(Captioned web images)
┌──
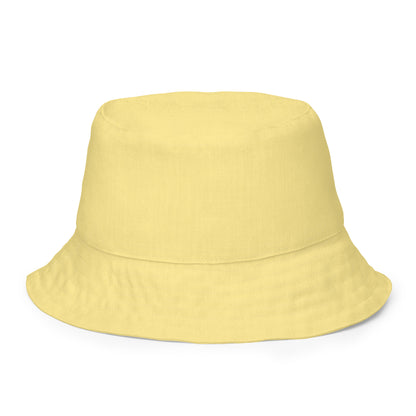 Tendo and the Bug Wars "Bug Collection" by Lulu Edge Reversible Bucket Hat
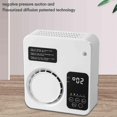 thumbnail image 5 of Great Air Purifier For Home Smokers Eliminators Odor Smoke Eu Plug Yj52 The Best Choice-good, 5 of 5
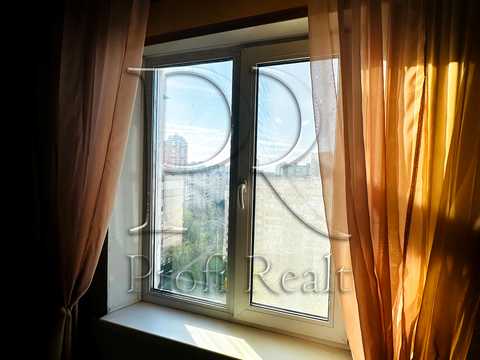 квартира по адресу Александры Экстер ул. (Марини Цвєтаєвої), 14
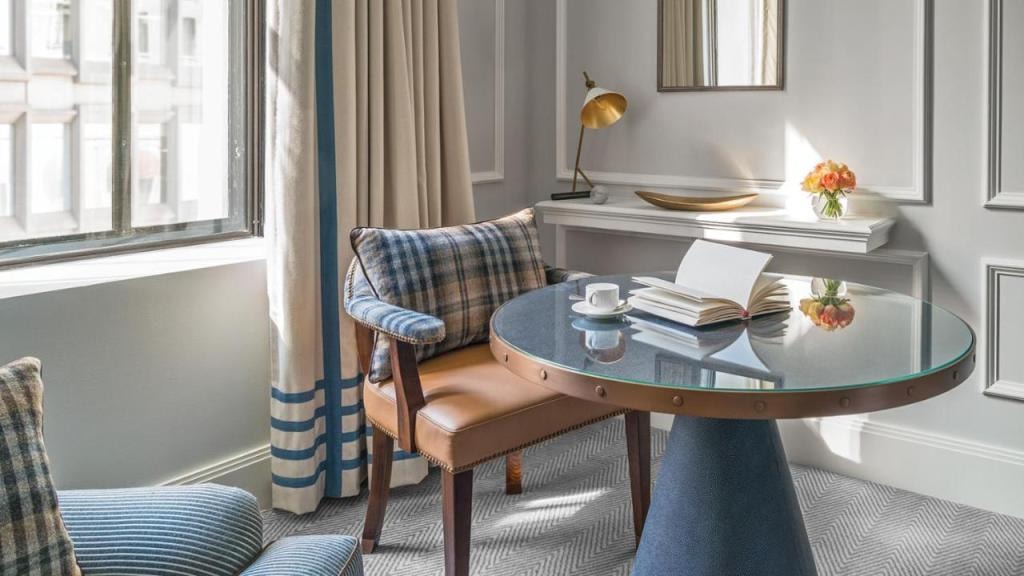 The Langham, Boston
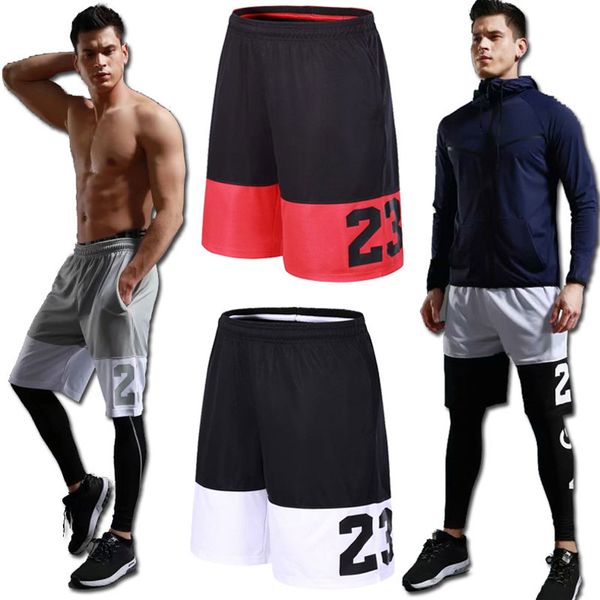 pantalones cortos deportivos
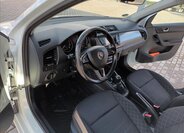 Škoda Fabia Kombi 1,2 l 81 kw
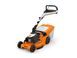 Газонокосарка акумуляторна STIHL RMA 443 V без акумулятора та ЗП WA400111425 фото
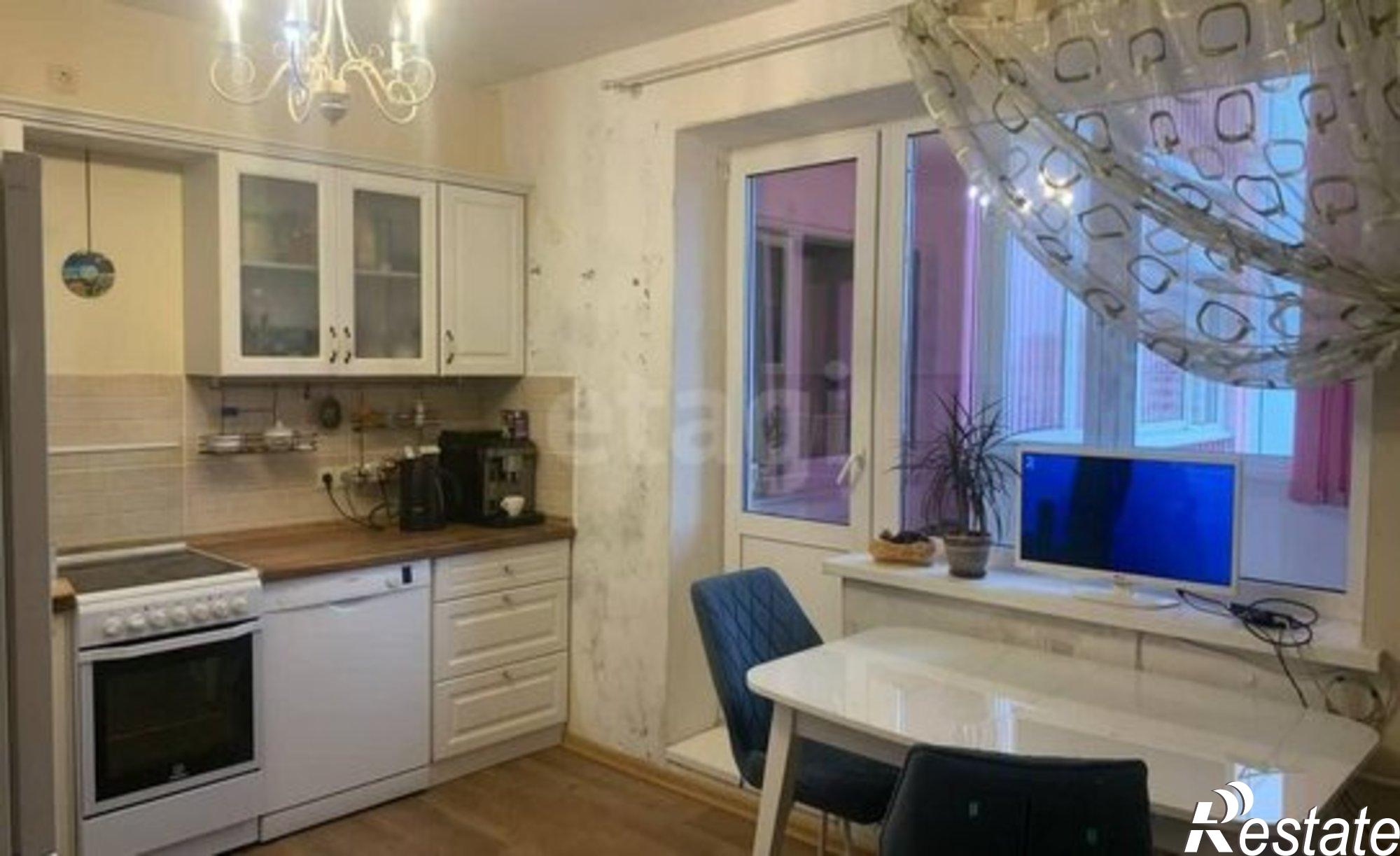 Купить квартиру за 6 900 000 рублей на улица Адмирала Ушакова, 21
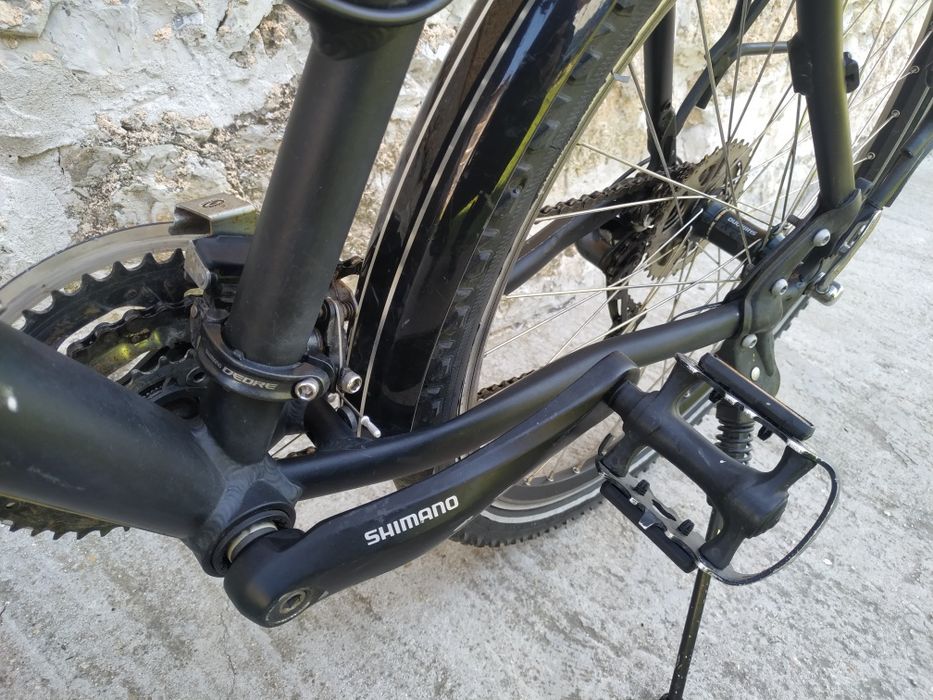 Велосипед D4 rider 26 цола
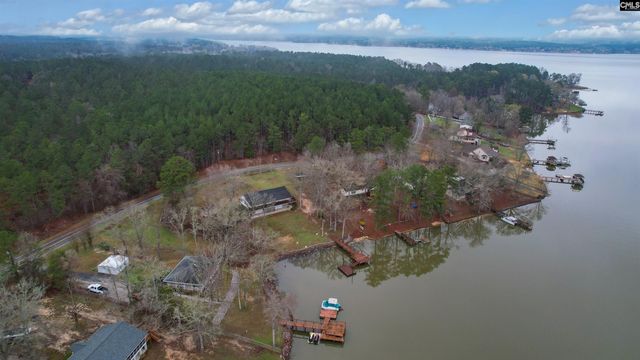 1383 Kingfisher Drive, Ridgeway, SC 29130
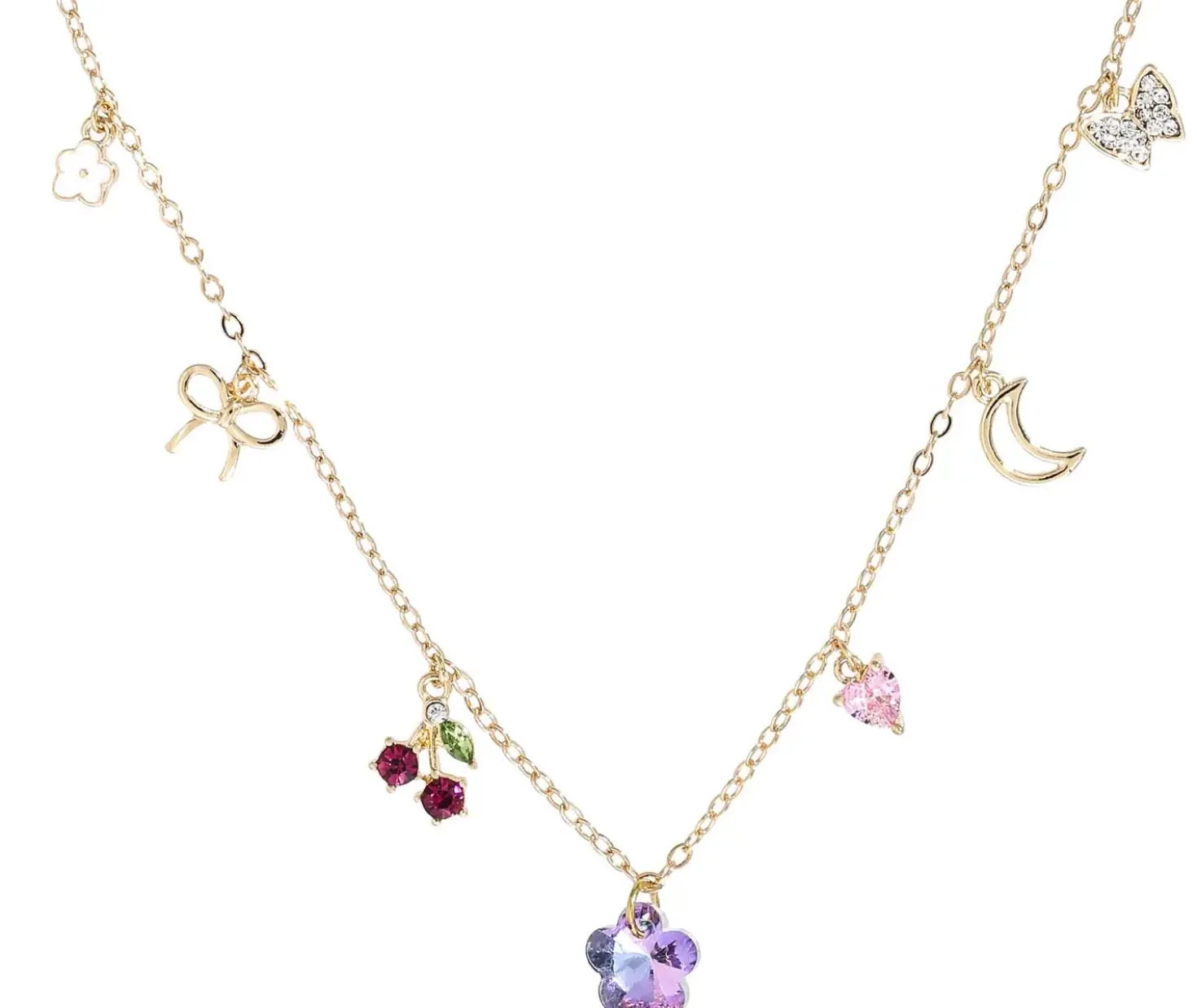 Collana per bambini - Cute Charms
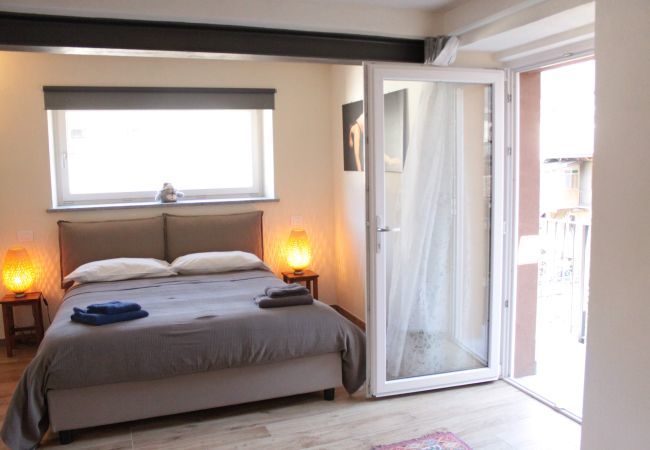 Apartment in Aosta - Aosta Soleil  La Quiete Apartment in Aosta - Aosta Soleil  La Quiete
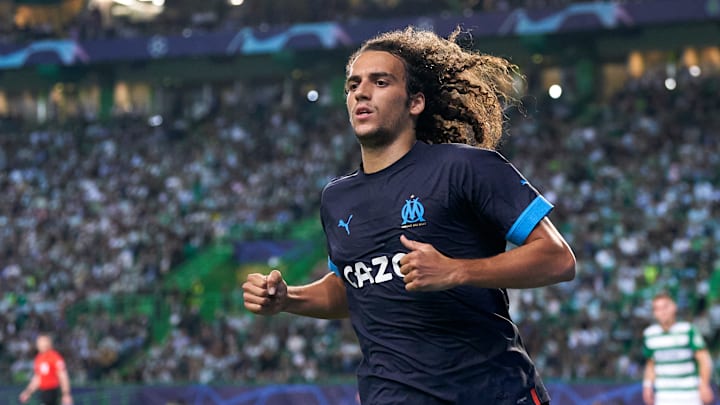 Guendouzi à l'origine d'un transfert à l'OM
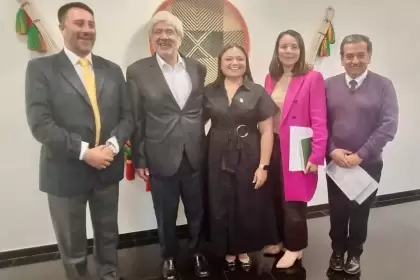 Consejo Regional de Competitividad se adelantará en Arauca.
└──
■ WHAT IS EXPECTED ■
The lines from the one containing "Велосипед D4 rider 26 цола" through the last line of the records are what you should copy, word for word and nothing else, with pictures left out.

■ ANSWER TO THIS PROBLEM ■
 Велосипед D4 rider 26 цола
 1383 Kingfisher Drive, Ridgeway, SC 29130
 Collana per bambini - Cute Charms
 Apartment in Aosta - Aosta Soleil  La Quiete Apartment in Aosta - Aosta Soleil  La Quiete
 Guendouzi à l'origine d'un transfert à l'OM
 Consejo Regional de Competitividad se adelantará en Arauca.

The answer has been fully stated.